In the latest poll from Public Policy Polling (PPP), Cruz shot up 11 points, from five percent to 16 percent. That puts Cruz, who's been heretofore regarded as a long-shot, in third place overall. He's now one point behind Jeb Bush at 17 and Scott Walker, the current favorite, at 25. Ben Carson and Rand Paul trail Cruz by six points, tied at 10 percent.
There are several plausible explanations for this. Cruz is the first candidate to officially announce -- not an exploratory committee, a full-fledged campaign -- which lends certainty to his campaign beyond the others. Also, after a week of basically owning the news cycle, Cruz has augmented his name recognition among primary voters. But the fact remains he stayed mostly on-message throughout his first week, sticking with the (contradictory) talking points that Congress is both exempt from Obamacare and mandated to be on Obamacare because of Sen. Chuck Grassley's (R-IA) alleged amendment.
None of those things are true, of course. As we've covered for some time now, Congress isn't exempt from Obamacare; nor is it mandated to be on Obamacare; and Chuck Grassley had very little to do with the section of the law requiring the federal government to only offer Obamacare exchange policies as the employer healthcare plan. (Members and staffers can buy insurance however they want, but if they want it through their jobs, it'll have to be Obamacare.)

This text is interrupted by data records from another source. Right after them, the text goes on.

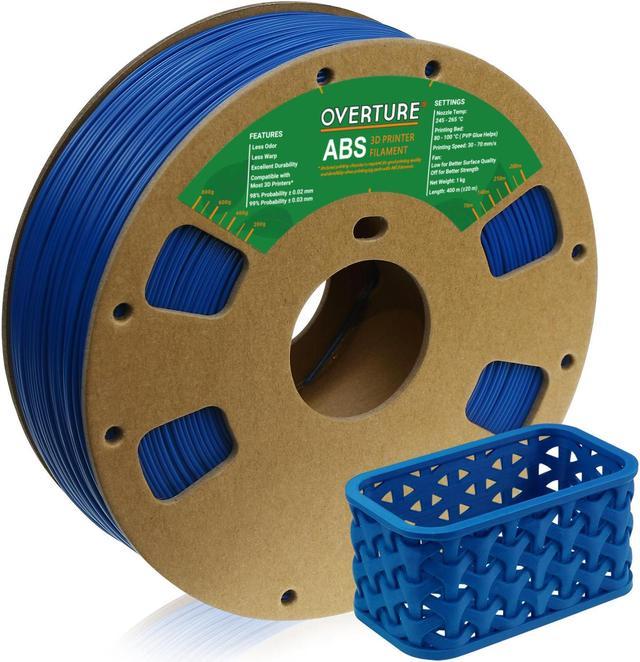 ABS 3D Printing Filament 1.75mm Overture 3D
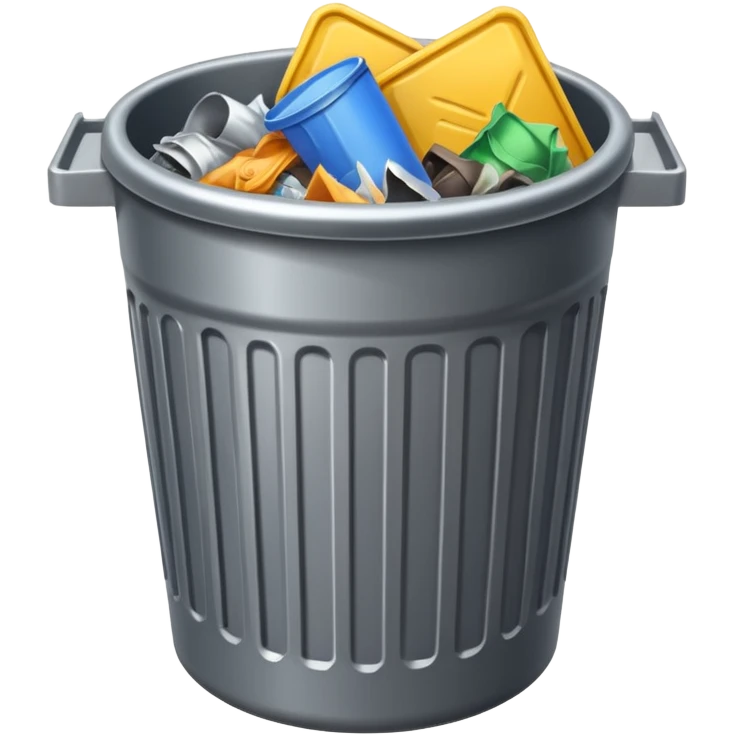 Trash can emoji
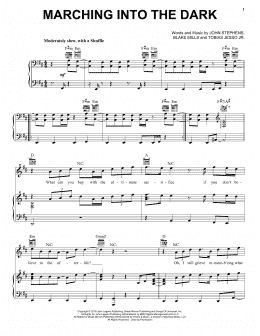page one of Marching Into The Dark (Piano, Vocal & Guitar Chords (Right-Hand Melody))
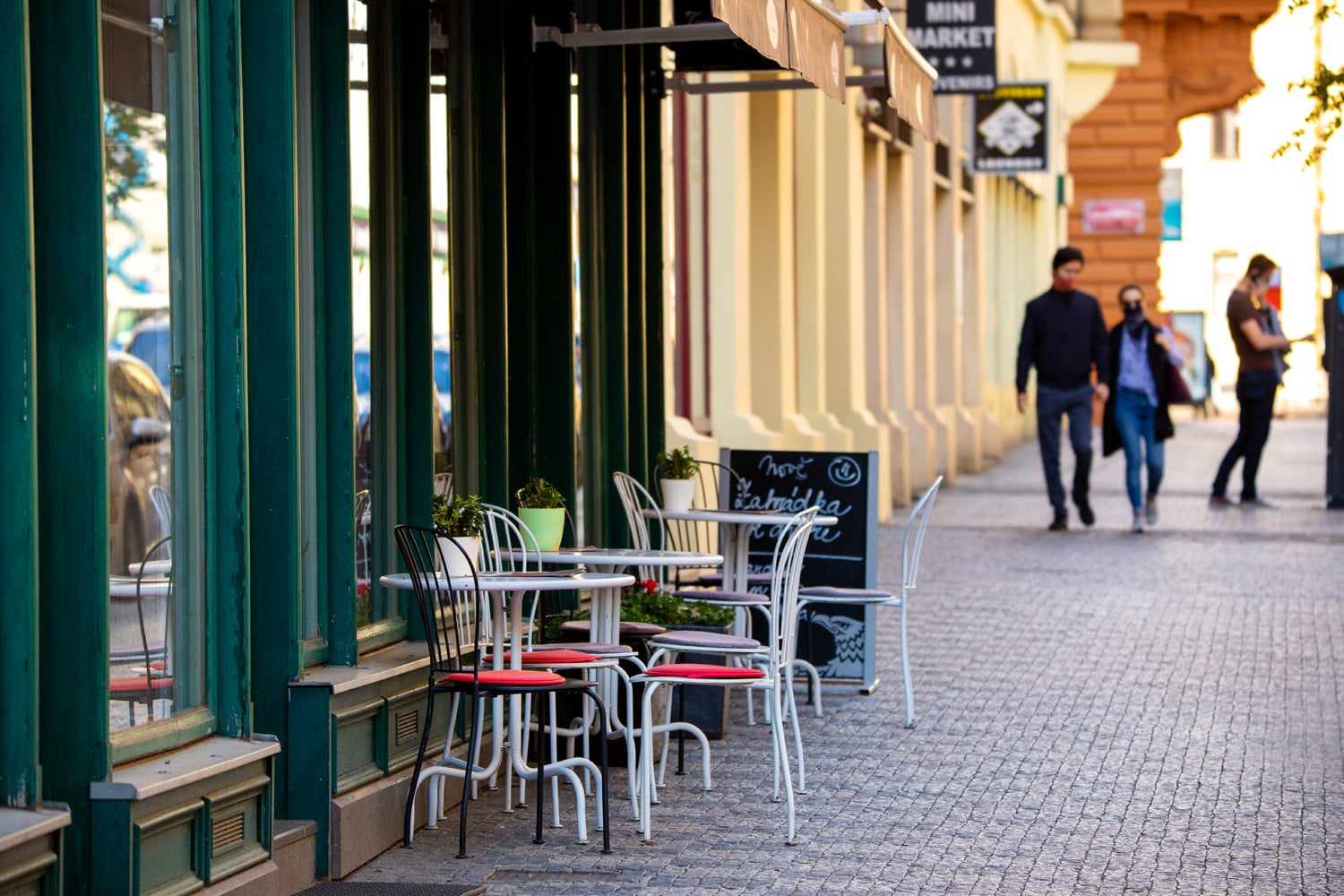 Znovuotevřené zahrádky restaurací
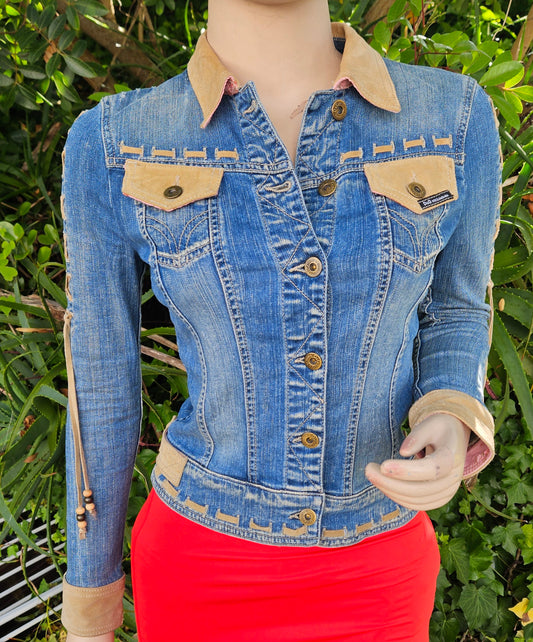 Vintage Y2K D&G Denim Jacket - Size XS - Excellent Preloved Condition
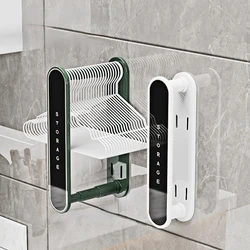 Retractable Wall Mount Hanger Storage Rack Expandable Clothes Hanger Storage Rack Bathroom Foldable Holder Balcony Hanger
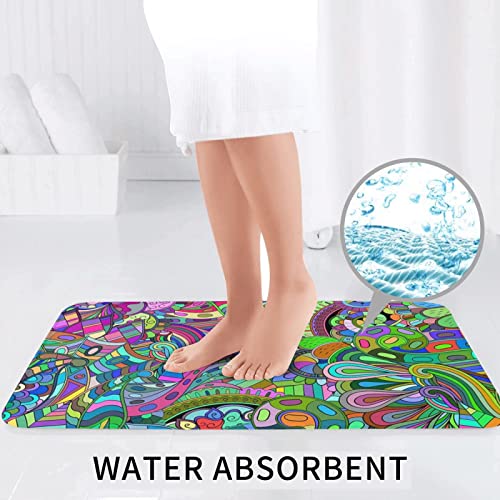 Graffiti Print Rug Mats Pads Badvorleger Badteppich Set 3-teilig + Konturteppich + Toilettendeckelbezug – Bild 7
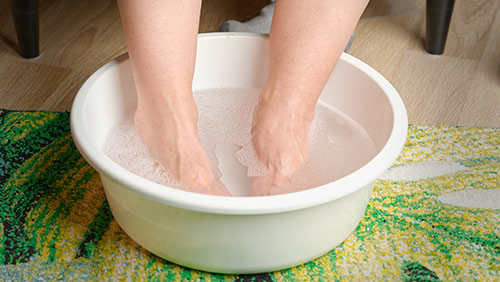 Un Bain de Pieds au Sel d'Epsom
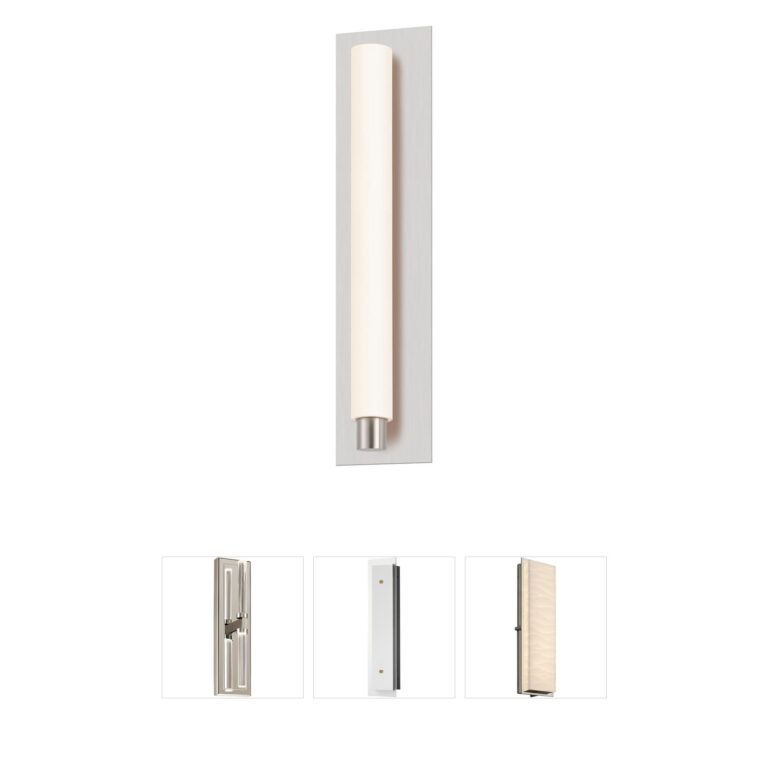 Sonneman Tubo Slim Satin Nickel LED Wall Sconce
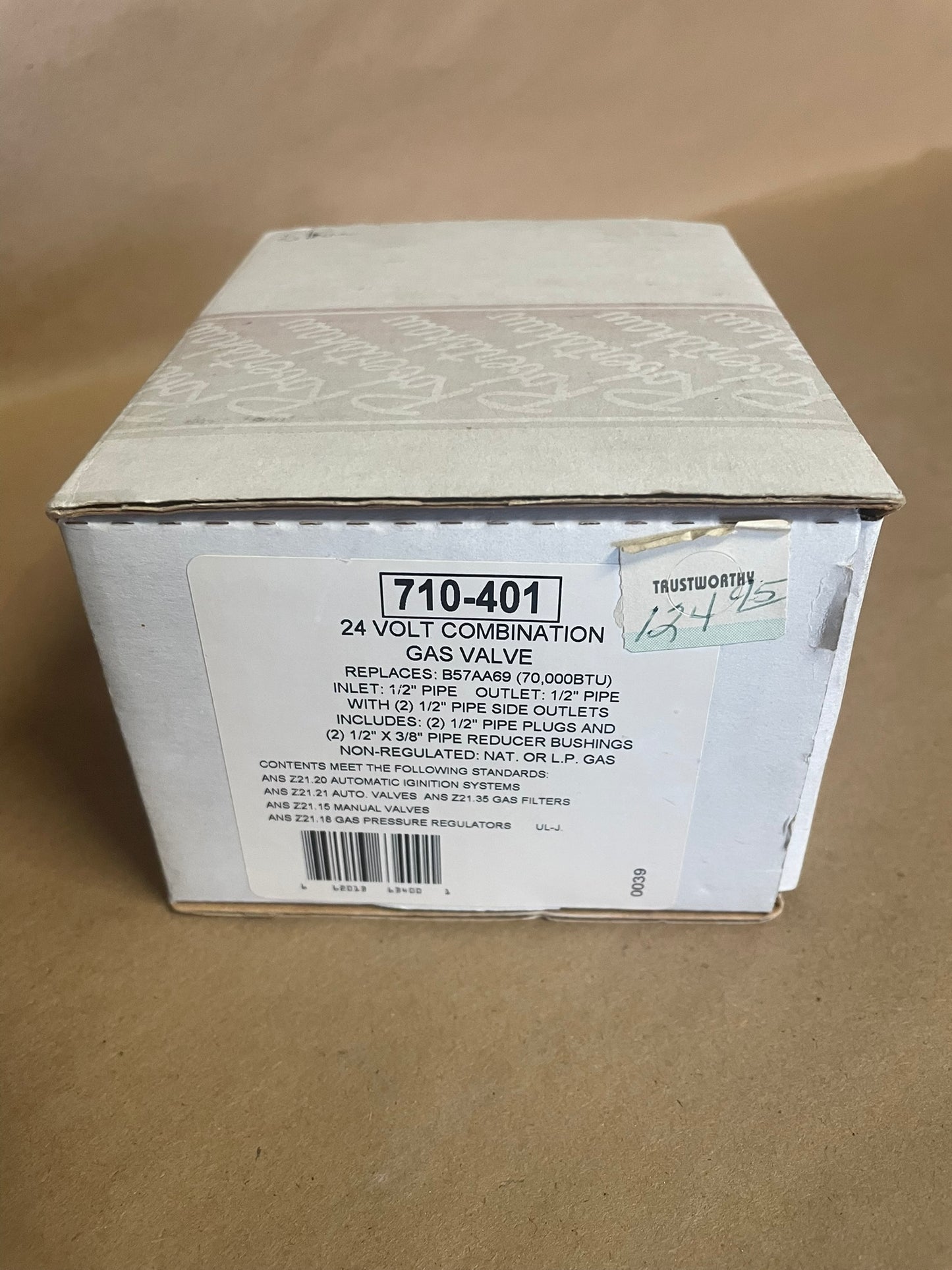 710-401 24 Volt comination valve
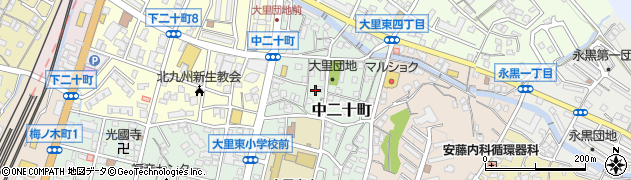 福岡県北九州市門司区中二十町4周辺の地図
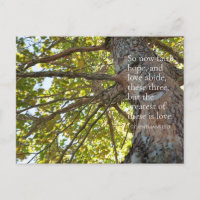 1 Corinthiens 13:13 Branches Arbre Carte postale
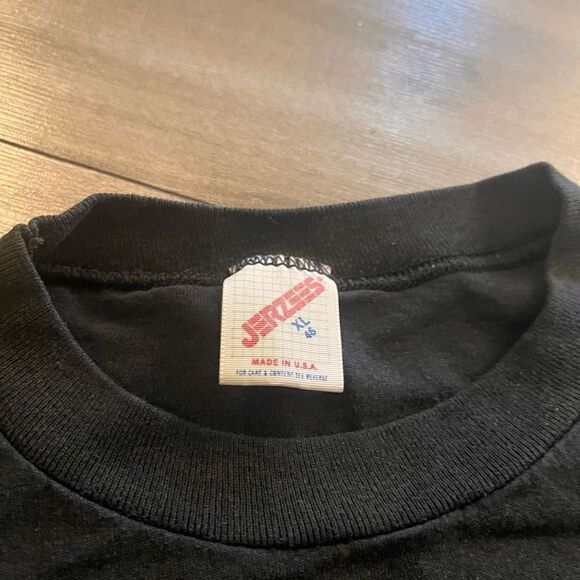 Vintage 1990s Jerzees Batman Black Casual Shirt Men Medium - Picture 3 of 7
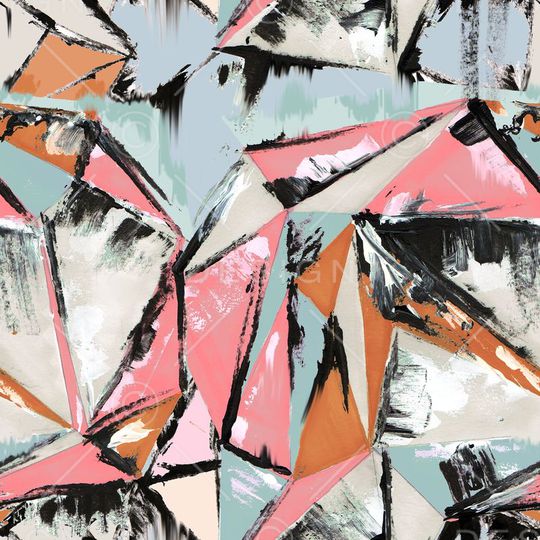 抽象印花华亿平台图片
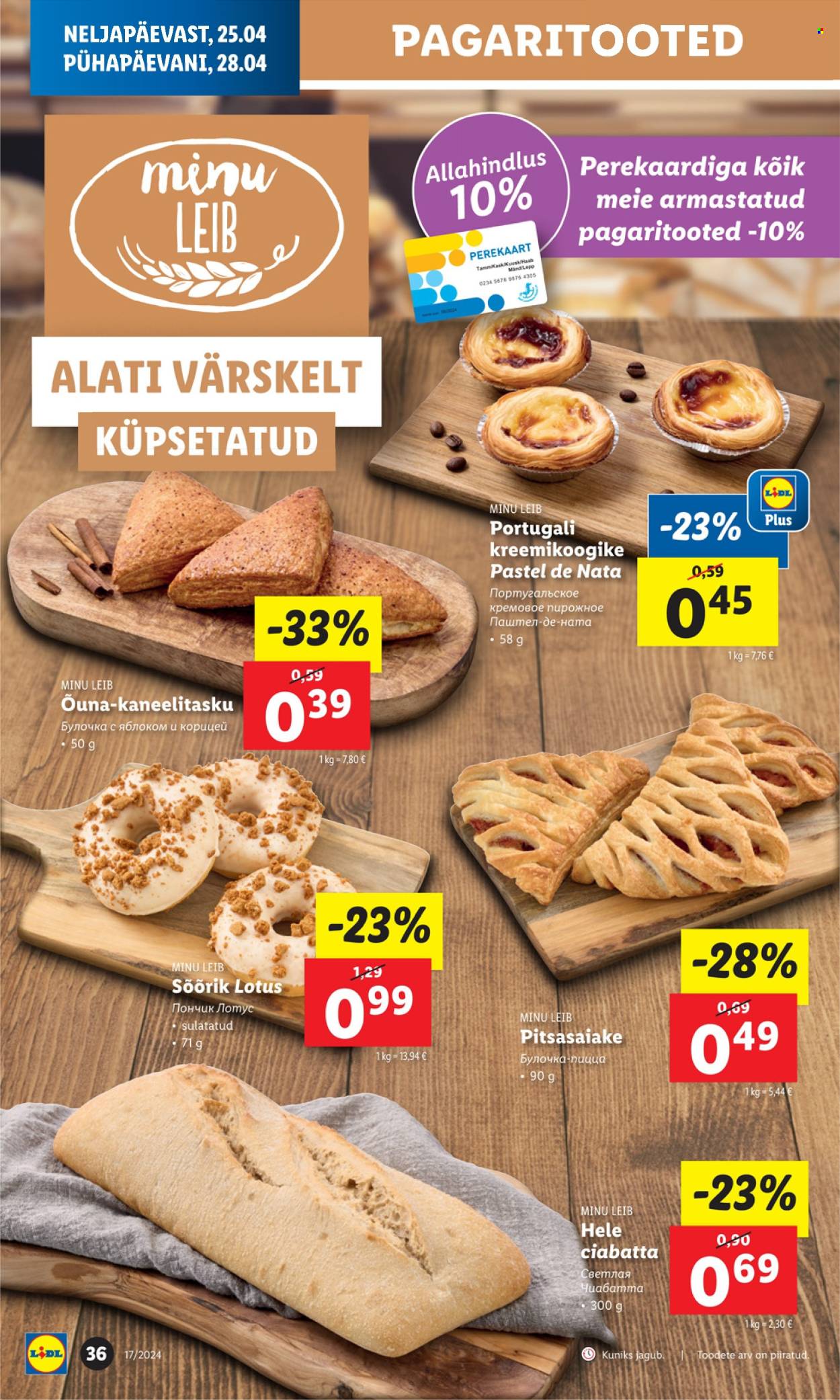 Lidl kliendileht - 22.04.2024 - 28.04.2024. Lehekülg 36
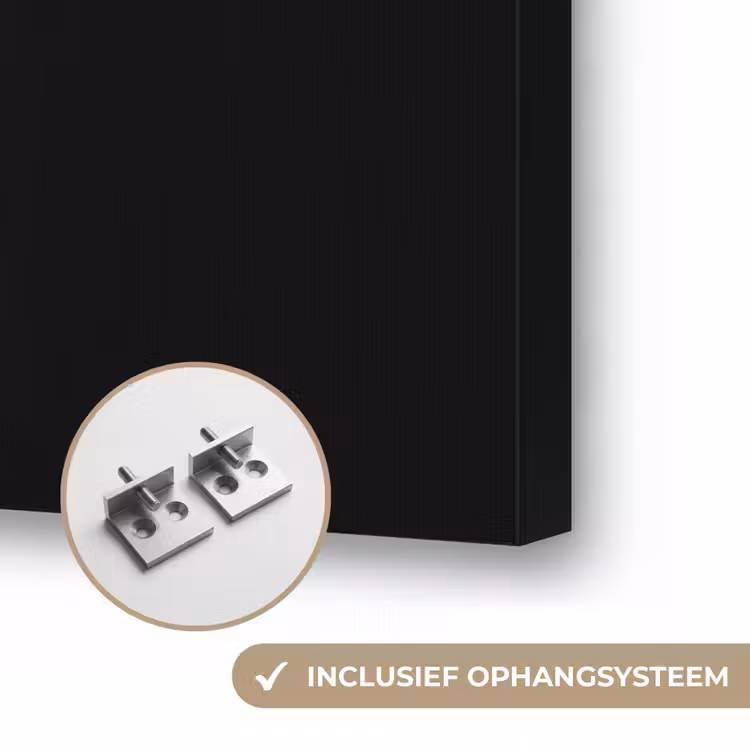 Vlinder - Kleurrijk - Speels Textielframe zwart klein -USP_ophangsysteemNL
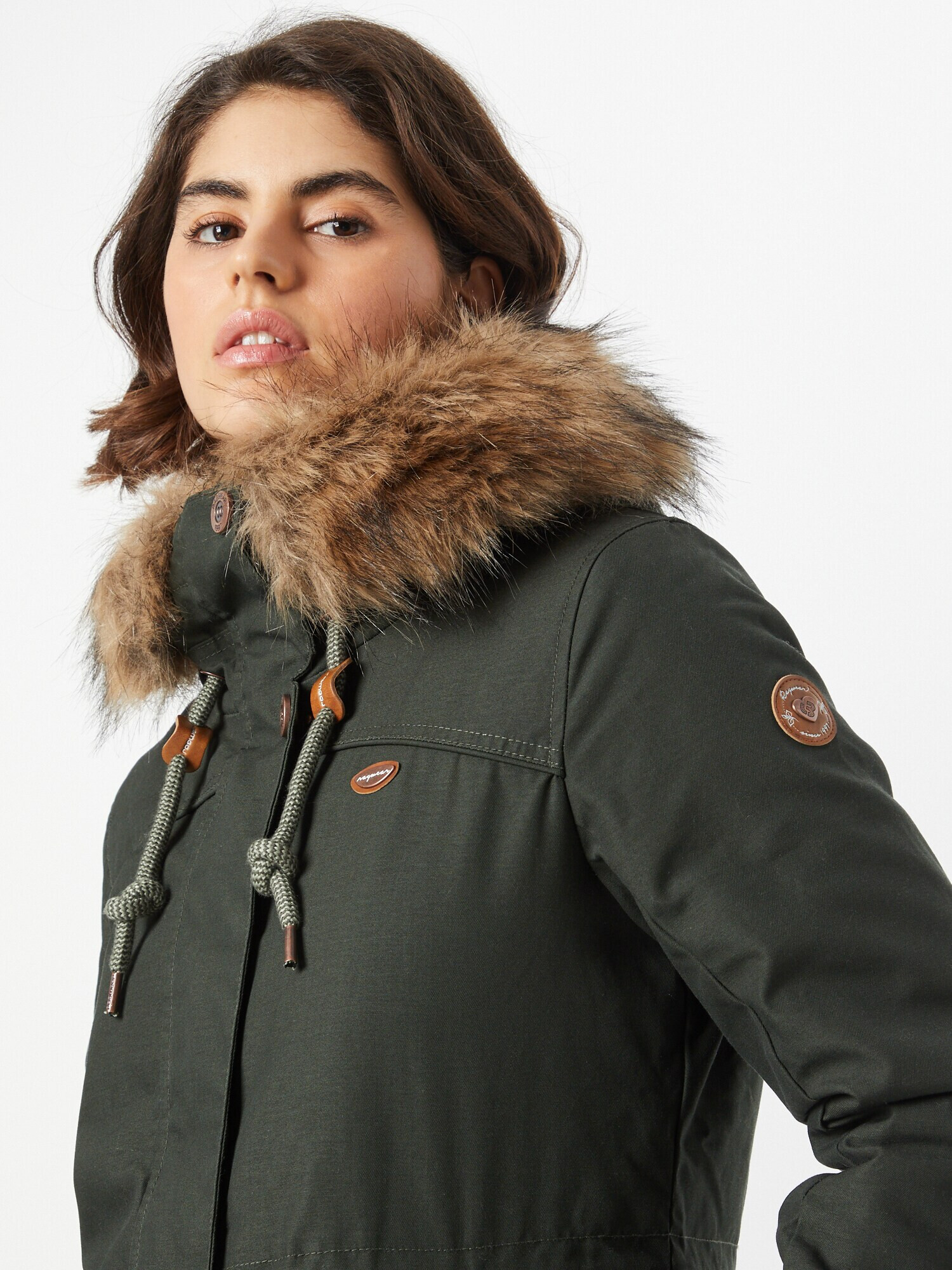 Ragwear Parka de iarnă 'TAWNY' maro / verde - Pled.ro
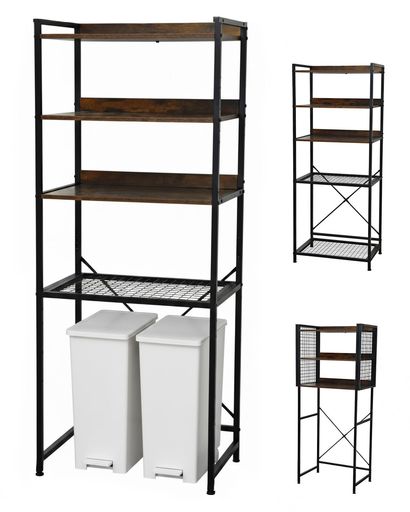 ����Ȣ���å�5�ʲ�ưê��65x����40x�⤵160cm����ê��+��������ê¿��ǽ��Ǽ�Ѳٽ�25kg�������ǥ�����եå��ݤ��б��ɻ��ù������߷ײ��������ե�����(�֥�å�)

These three lies clearly and successfully hid the fact that Cruz obviously chose to buy an Obamacare policy over several other options because Obamacare is a better deal, especially knowing that premium-sharing reduces his monthly dues by 72 percent. All told, Cruz is getting the best of both worlds: affordable health insurance while still being able to campaign against Obamacare.
I wonder how long this will last, though. The other candidates are probably dying to hit Cruz for enrolling. Something along the lines of: "How do we know you're serious about repealing it, now that you've signed up for it?" If Cruz maintains his third place position, it'll put a much larger target on his back for these kinds of assaults. Hopefully.
For the rest of us, it's abundantly clear that cynicism and mendacity work miracles inside the bubble. Speaking of which, Cruz has been repeating over and over that he plans to repeal Common Core even though it's not a federal law, making it impossible for him to repeal it. Frank Luntz, the Zen master of political double-speak, must be slow-clapping for Cruz today.